If that’s your response, right away I know you have a problem with this concept. Or, possibly, you line up with my wife, Carol, who thinks I’m a bit eccentric when it comes to some things, among them being that proper consumption of a burger—or a sandwich, for that matter—is to eat it right side up, that is, holding it so that the bottom half of the bun is on the bottom and the top half of the bun on the top.
Eating it otherwise is to eat it upside down and thereby eating it in the wrong manner. How crass! Besides, if eaten upside down, the burger or sandwich likely will not have the same flavor as when eaten properly, which is right side up.
For those of you who know this, what I’ve said is perfectly clear and sensible. You readily accept and understand that when burgers and sandwiches were invented the intention was that they be eaten right side up. I think that was written in stone; you just have to find the right cave wall to see it for yourself.
However, those of you who, like my wife, shrug your shoulders, affix a smirk on your face, and mutter some off-handed comment like, “Well, whatever…,” it’s time to sink your teeth into a little burger-and-sandwich enlightenment. Some of this will be self-evident or simply stating the obvious, but that doesn’t take away from the validity of the truth being here presented.
With burgers, the first necessity is the bun. Of course, you know that a bun has a top and a bottom. The bottom is the flat portion, and the rounded part is the top. When the bun is sliced and separated into two parts, the bottom is the portion with the flat side. Actually, the bottom now has two flat sides, the one created in the baking of the bun and the one created when the bun was severed into two parts. The baked bottom flat side remains the bottom of the burger, and the new flat side of the bottom bun portion becomes a key part of the inside of the bun and a foundation on which the inside of the burger is built. Is that clear? If not, perhaps reading it again more slowly will help.
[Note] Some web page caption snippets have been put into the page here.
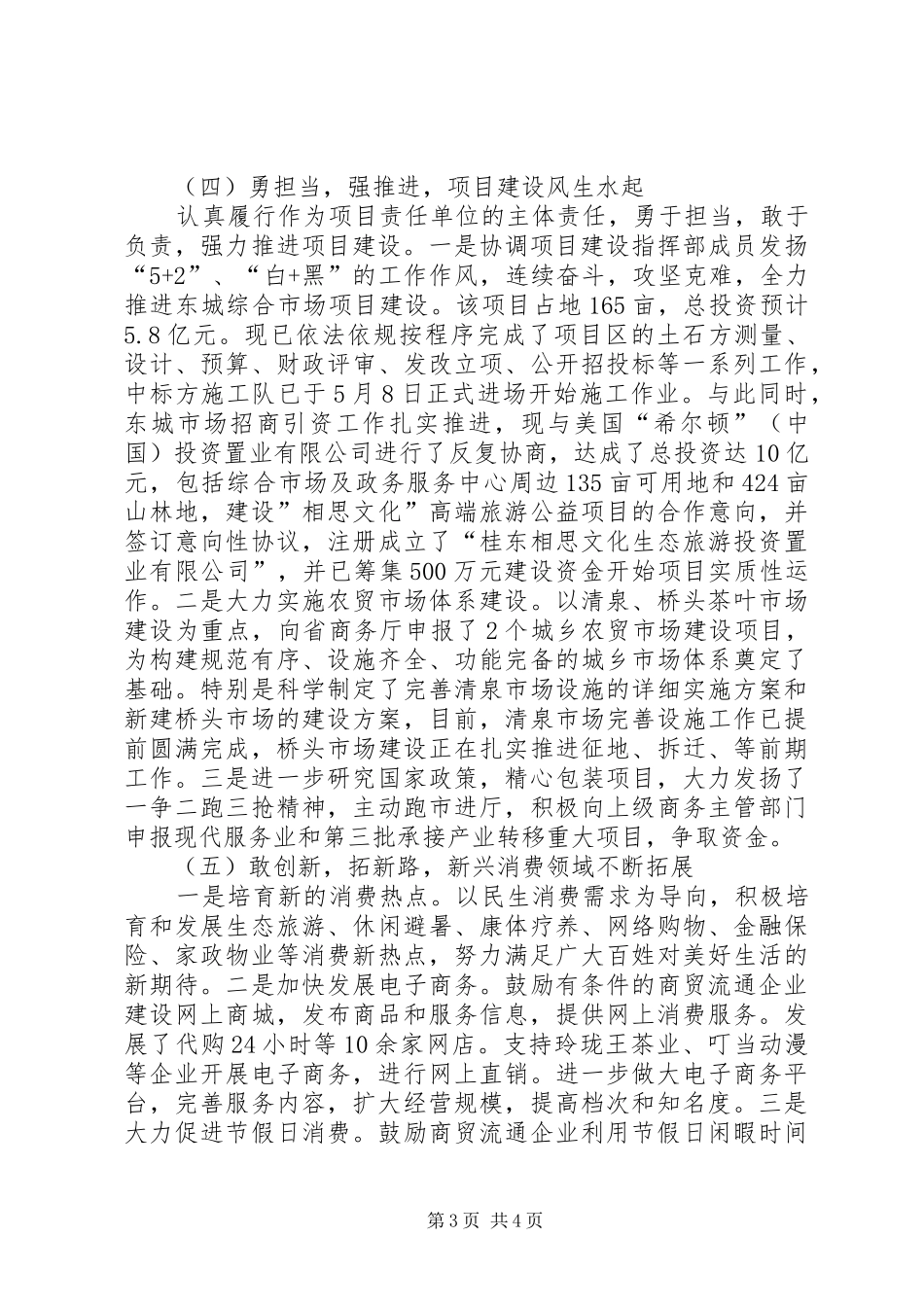 商务局工作总结 (29)_第3页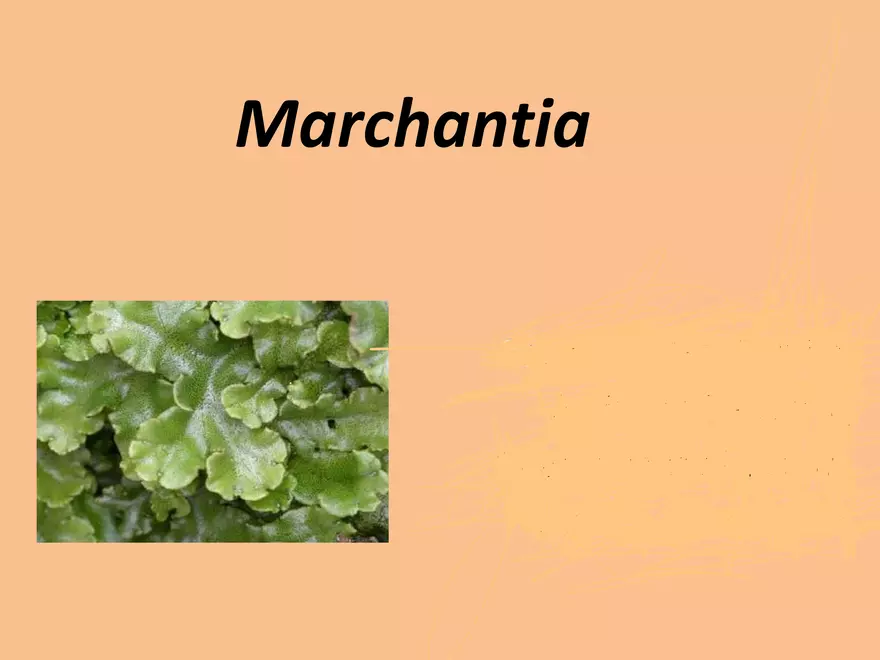 Marchantia - Study Presentation - Page 1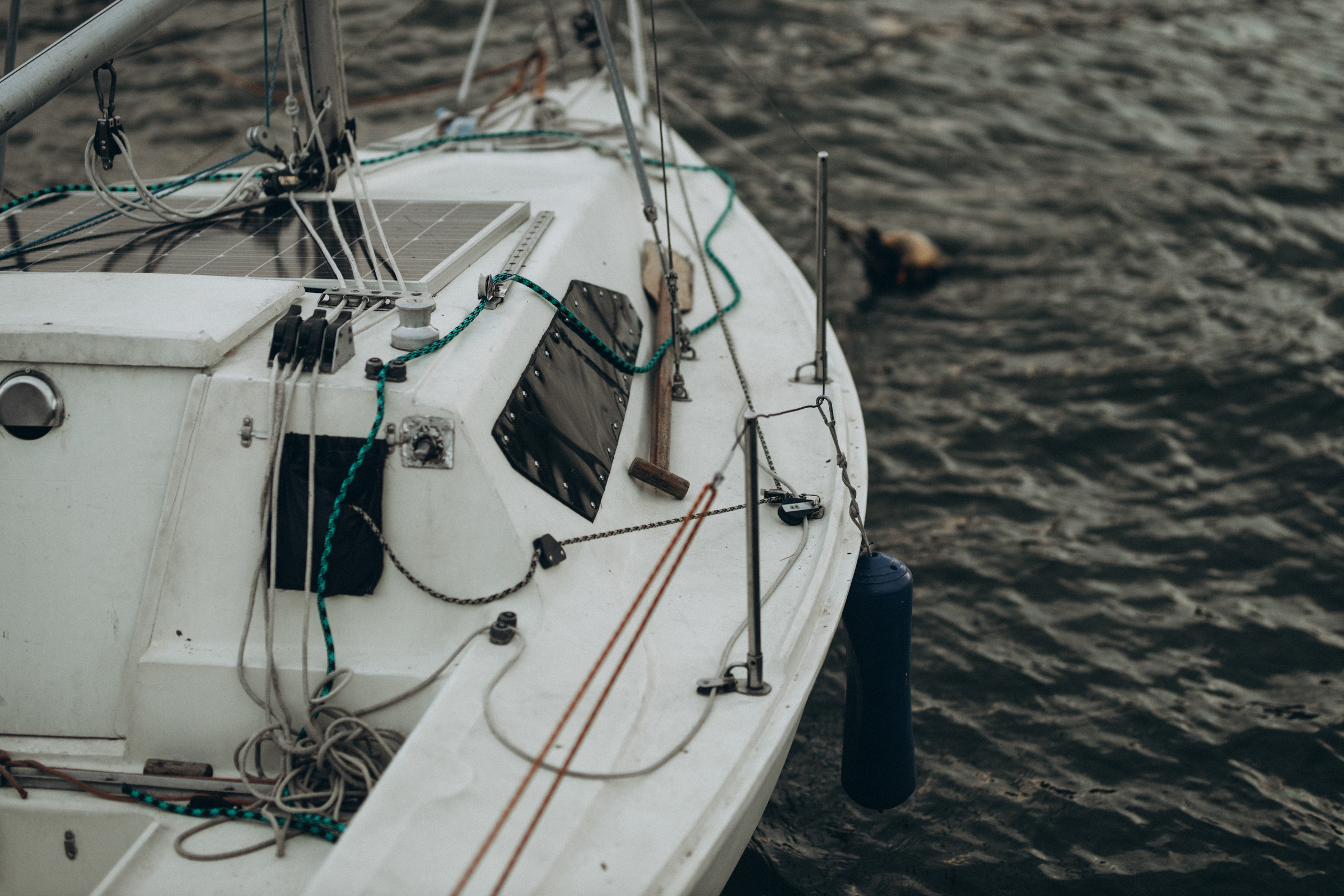 Море внутри. Свадебный фотограф Минск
The severed portion of the bun that was the rounded part before the bun was sliced is the top. Of course, it now has a flat side, which is the bottom part of the top half of the bun and is key to topping off the top of the burger when the insides are in place. Clear? If not, repeat instructions above.
A sandwich, like a burger, has a top and a bottom, a truism that some of you may never have thought about. Whereas the initial form of a bun makes the top and bottom clear, the same is not true for a sandwich—at least, not for sandwiches made with two slices of bread rather than on a bun, as is sometimes the case in a restaurant. For a sandwich made with two slices of bread, the top and bottom are determined by the sandwich maker, who has the right to designate which slice is the top and which the bottom. From there, though, top and bottom become critically important.
Not only are burgers and sandwiches intended to be eaten right side up and not upside down, they are to be made with the meat—burger patty, sliced turkey or chicken, tuna salad, whatever—placed on the bottom bun portion or bottom slice, not on the top. If cheese is a component, it goes on top of the meat. Then come the other ingredients: onion (a necessity for any real burger or sandwich), tomato, pickle, and lettuce.
When those are in place, the top half of the bun or the top slice of bread is placed on top, and the burger/sandwich is ready to eat. Notice, at this point the burger or sandwich is right side up, the natural order. One then picks up the burger or sandwich maintaining its right-side-up status and eats.
Obviously, that’s the proper and intended order of building and pattern for eating burgers and sandwiches. Why would one be considered eccentric for holding to a firm conviction that this is the intended manner of eating these two life staples?